2018年8月9日木曜日

東京医科大学を庇い立てする

東京医科大学を庇い立てする

東京医科大学が激しい批判を浴びている。官僚に便宜を図っただけではなく、入試において状態的に女子・浪人生の入学を遠ざけていたからである。しかし、誰もが進んで不正をしたいわけではないように、東京医科大にもそれなりの理由が想定できる。

1. 規制産業ゆえに、官僚とつながっていたい


東京医科大学は教育機関である以上、日頃から文科省より様々な指導を受けてきただろう。官公庁に悪意のないミスを唐突に指摘され、「改善しない場合は」と脅しをかけられるのは、勤め人であれば立場が上になればなるほど経験することだ。正しく申請を行っても認可が下りるかどうかも、官公庁の人間の胸先三寸で門前払いにされることもあっただろう。

そういった経験を重ねるうちに、官僚とつながっていたいと思うのは、自然な感情であろう。そこに、東京医科大学のスキができてしまったとしても、東京医科大学を責め立てることなどできようか。

2. 医師には応召の義務がある


女性医師が働きやすい職場を作るべきだという声は多い。
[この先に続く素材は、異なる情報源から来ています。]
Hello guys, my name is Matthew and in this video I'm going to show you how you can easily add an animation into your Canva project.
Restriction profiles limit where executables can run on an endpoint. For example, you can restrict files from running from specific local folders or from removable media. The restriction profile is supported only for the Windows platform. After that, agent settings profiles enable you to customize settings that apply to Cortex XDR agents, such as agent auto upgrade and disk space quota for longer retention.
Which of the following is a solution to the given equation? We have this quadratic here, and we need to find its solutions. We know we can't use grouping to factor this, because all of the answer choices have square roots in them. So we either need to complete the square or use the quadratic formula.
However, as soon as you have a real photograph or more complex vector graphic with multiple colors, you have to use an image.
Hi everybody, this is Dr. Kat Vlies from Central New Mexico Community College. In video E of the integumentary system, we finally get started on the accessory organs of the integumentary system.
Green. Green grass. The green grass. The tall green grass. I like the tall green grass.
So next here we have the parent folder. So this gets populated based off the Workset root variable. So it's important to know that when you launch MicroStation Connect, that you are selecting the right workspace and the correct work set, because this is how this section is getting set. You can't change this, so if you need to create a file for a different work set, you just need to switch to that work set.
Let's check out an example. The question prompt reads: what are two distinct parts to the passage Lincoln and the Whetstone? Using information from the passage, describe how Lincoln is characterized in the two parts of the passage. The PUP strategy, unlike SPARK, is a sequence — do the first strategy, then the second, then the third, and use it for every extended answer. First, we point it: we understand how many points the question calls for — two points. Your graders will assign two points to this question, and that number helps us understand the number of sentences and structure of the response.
だが、医師法19条には「第十九条 診療に従事する医師は、診察治療の求があつた場合には、正当な事由がなければ、これを拒んではならない。」と書かれている。

これはどういうことかと言うと、医師は夜中であろうが、何かの私用があろうが、患者が求めるならば、診察しなければならないということである。具体的には、医師自身が重病か、豪雪が降り積もる富士山のような物理的に往診できない場所以外では、医師は仕事をしなければならないとされている。だから、医師は休むことは基本的にできなくなっている。
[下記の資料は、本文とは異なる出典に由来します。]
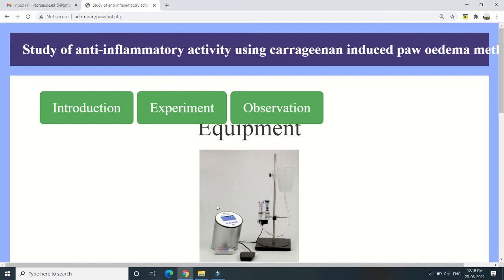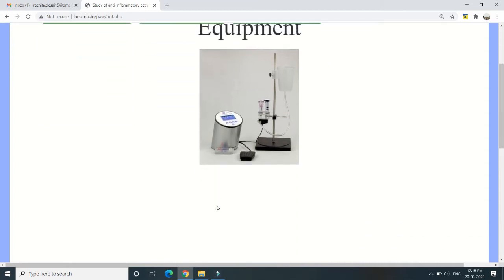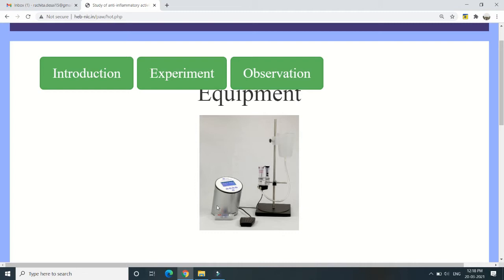After giving the drug, we will inject carrageenan via the sub-plantar route — that is, into the plantar surface of the hind paw of the rat. Two hind paws are available for each rat. One hind paw serves as control, where no carrageenan is injected. In the other hind paw, we inject 0.1 ml of carrageenan using the sub-plantar route of injection. The leg not receiving carrageenan serves as a reference control.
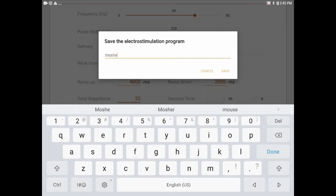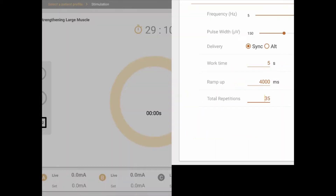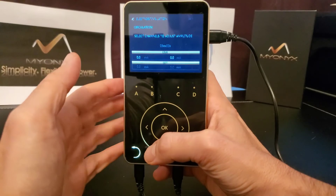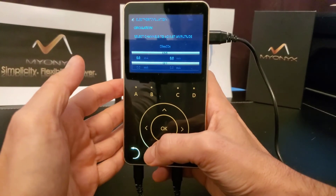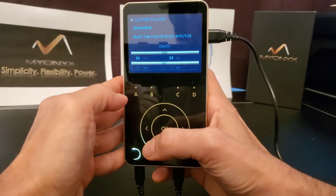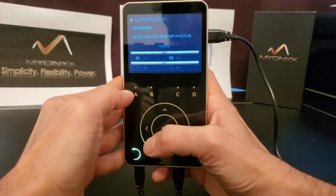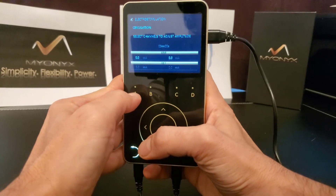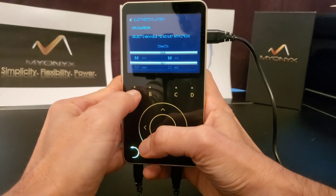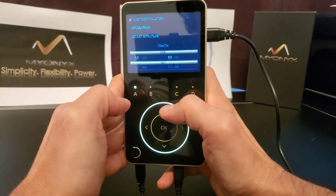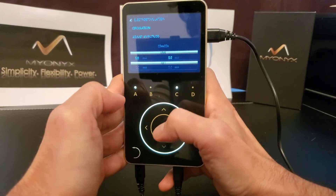Before starting an electrostimulation session, the user must adjust the amplitude level. For safety reasons, this is done on the Mionics device itself. On the device, click on the letter representing the channel you wish to adjust. You can select one or more channels at the same time.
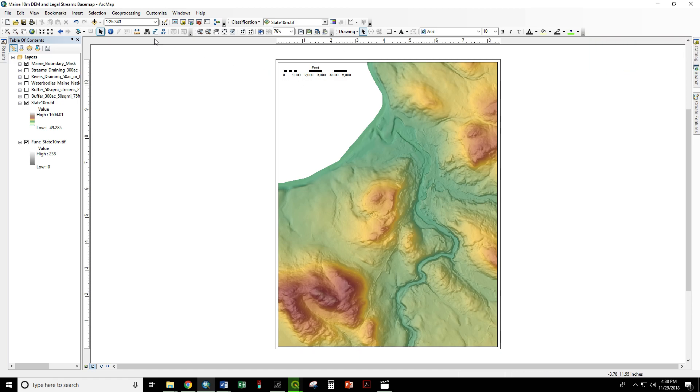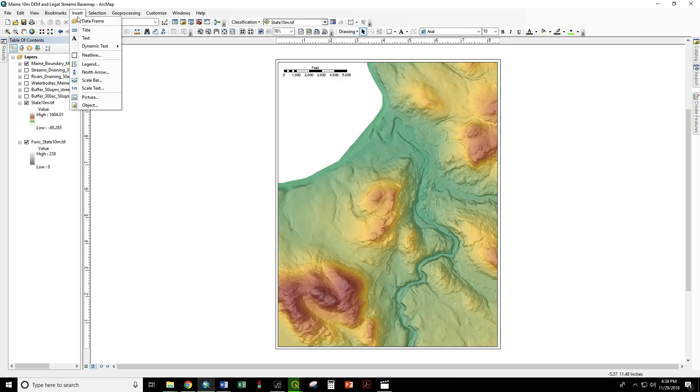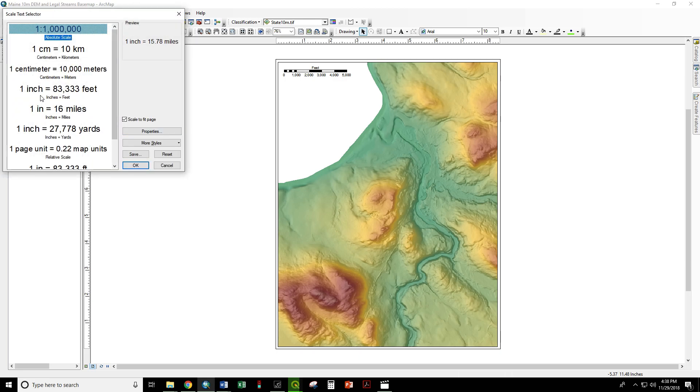We would like to have scale text added to this map, such that 1 inch on the map corresponds to a certain distance on the ground. We do that by inserting scale text, and we want 1 inch equals a certain number of feet.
ただし、極端な例でない限りは、他の医師を「当直医師」「救急当番医師」として代理に立っている、そして、自分も「当直医師」「救急当番医師」として努めているならば、自分の睡眠時間を確保することは非難されることではないだろう。技術があっても当直しない医師は、そもそも病院では発言権が皆無だというのが現実であり、都合の良い時間で働ける「働きやすい」場所で働いている医師は、声を上げても「当直」「救急当番」を行っている医師の声には勝てない。

この医師法第19条は、医師がストライキを行って医療が回らなくなるのを防ぐために設計されたものであろう。そういうことはありえないのだが、現在、地方での医師不足が叫ばれるなど「立ち去り型サボタージュ」という言葉が使われるようになた。そうであれば、応召の義務はまさに、今日の問題「立ち去り型サボタージュ」の解決のためにあり、医師が私用を優先するのは非難されうると考えるべきであろう。

そして、この医師法19条は官公庁がFAXで度々病院に「医師法19定により」診療拒否するなと送りつけてくる。病院は方や「働きやすい」を求められ、方や「応召の義務」を官公庁から指摘される。その間に挟まれている病院幹部から「男性医師を中心に」という要望があったとしても、おかしくない。